▶ The task
Copy the lines from the start of the records below through the line containing "Sanwuta 60 Pcs", both included, and leave out the pictures.

▶ Given records
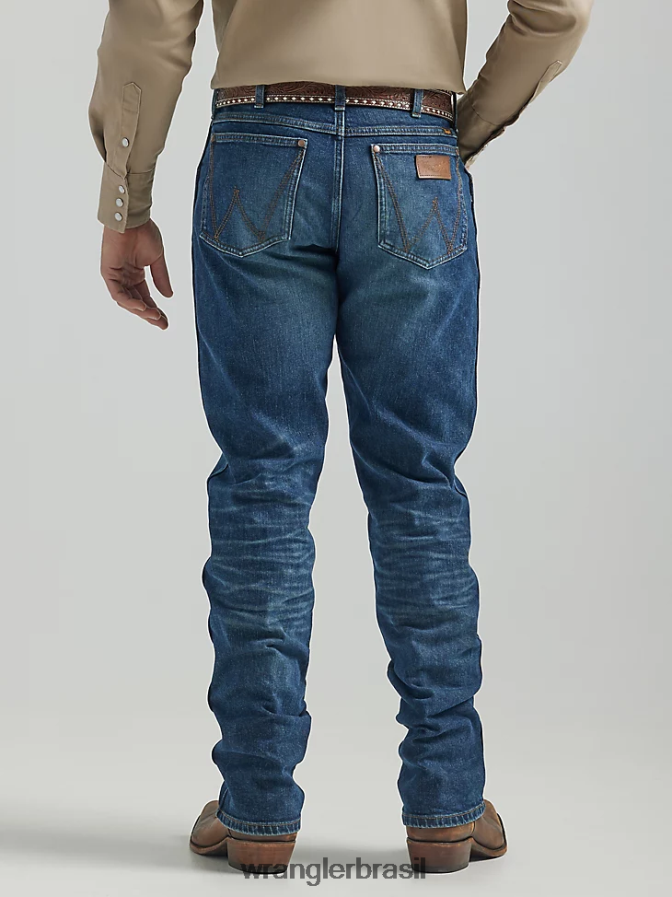 Wrangler o jeans retro premium slim straight painel azul (112325786) homens roupas 00LN6N74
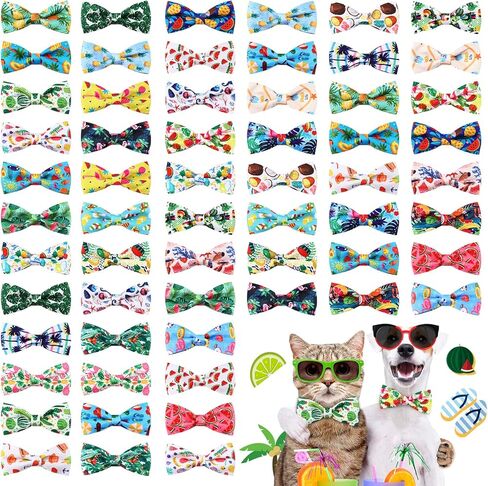 Sanwuta 60 Pcs St. Patrick's Day Dog Collar Bow Ties Bulk Shamrock Pet Bow Tie Pet Accessories Detachable Collar Charms for Small Medium Large Dogs Cat Grooming Supplies Costume in Saudi Arabia
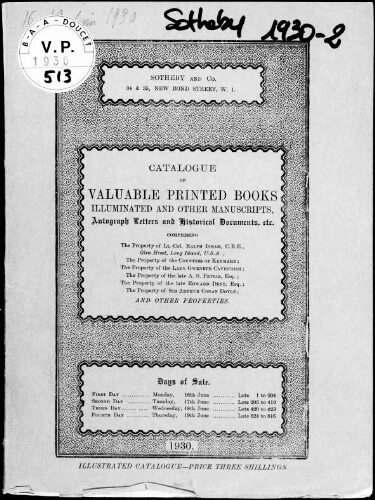 Catalogue of valuable printed books [...], the property of Sir Arthur Conan Doyle, and other properties : [vente du 16 au 19 juin 1930]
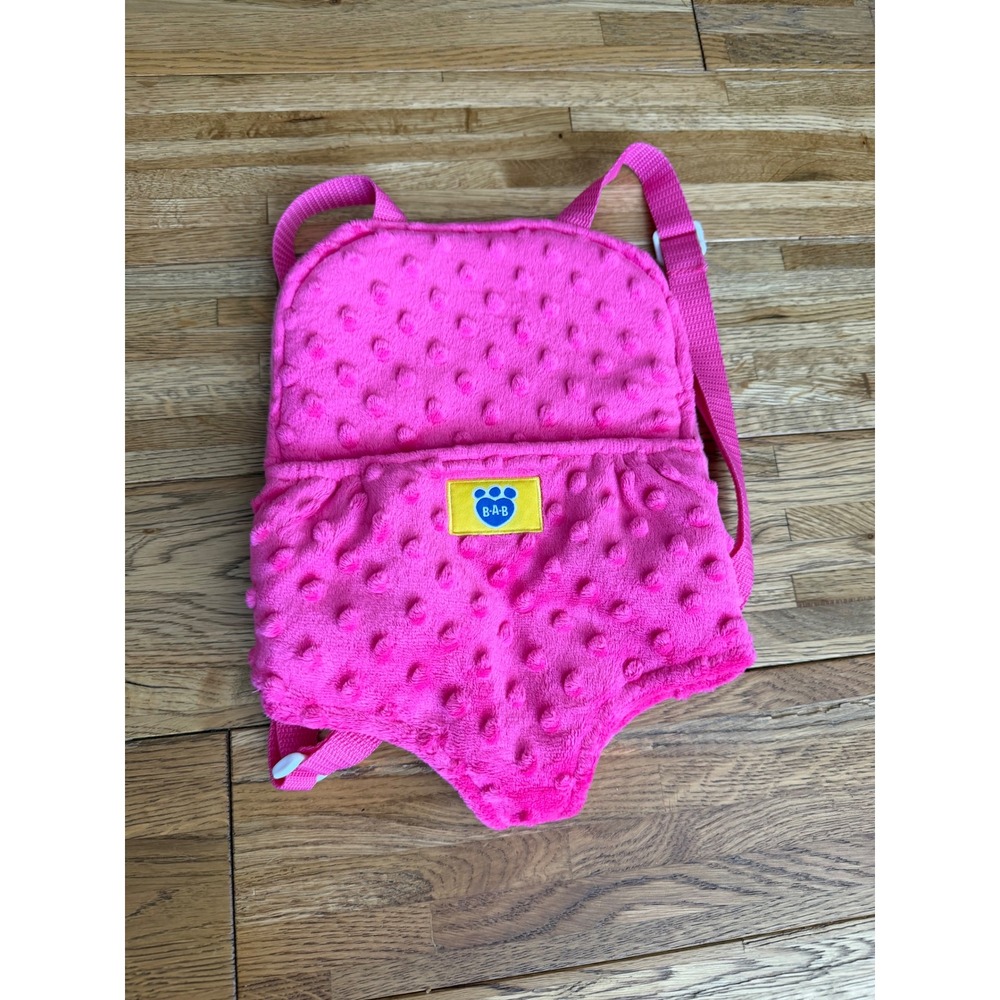 Build‎ A Bear Pink Fuzzy Dot Pet Carrier Backpack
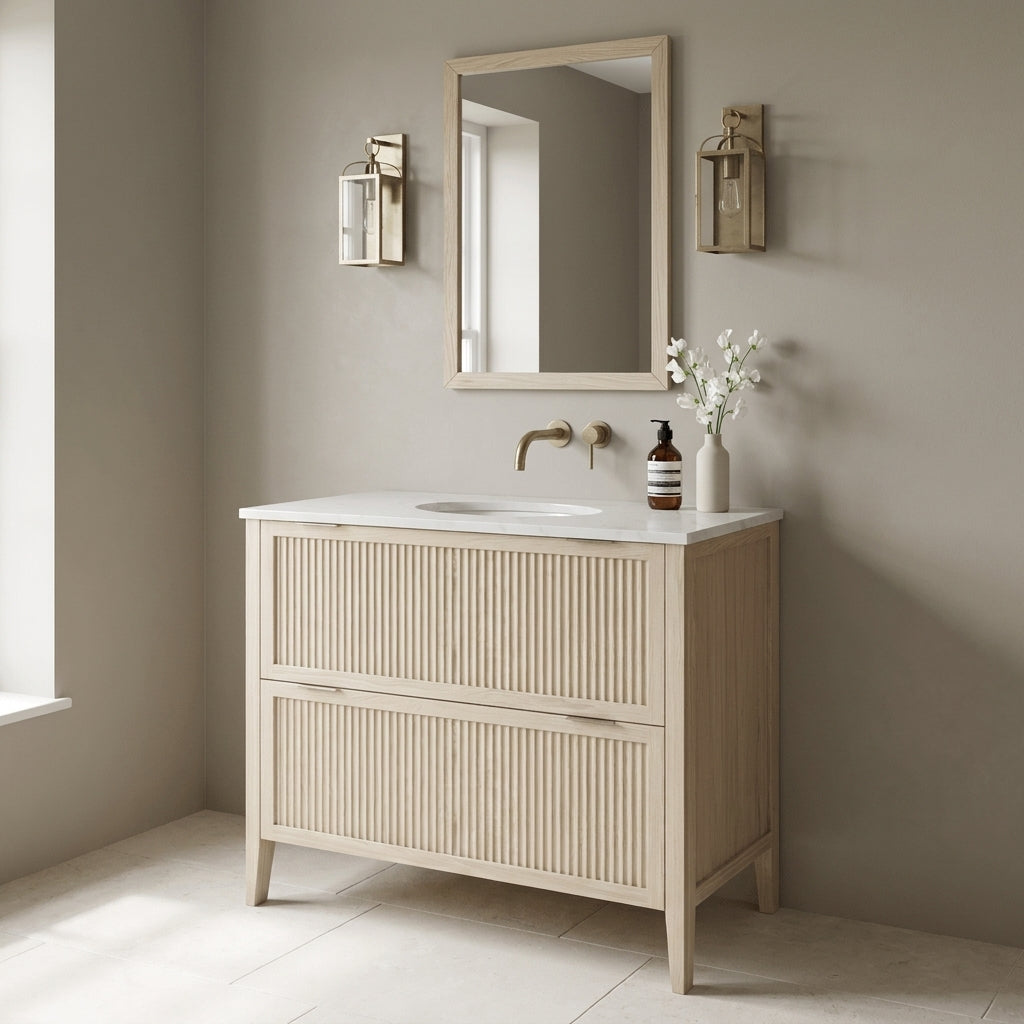 Mockridge Design Clifton 1000mm floor-standing single undermount vanity in white stained oak with soft cream-blonde limed character and prominent vertical grain figuring across vertical fluted drawer fronts set within shaker frame borders, Calacatta quartz worktop with integrated undermount basin and brushed aged brass wall-mounted mixer tap, styled in a tonally confident English bathroom with mid-greige painted chalky plaster walls and honed pale cream limestone floor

▶ Solution below
 Wrangler o jeans retro premium slim straight painel azul (112325786) homens roupas 00LN6N74
 Sanwuta 60 Pcs St. Patrick's Day Dog Collar Bow Ties Bulk Shamrock Pet Bow Tie Pet Accessories Detachable Collar Charms for Small Medium Large Dogs Cat Grooming Supplies Costume in Saudi Arabia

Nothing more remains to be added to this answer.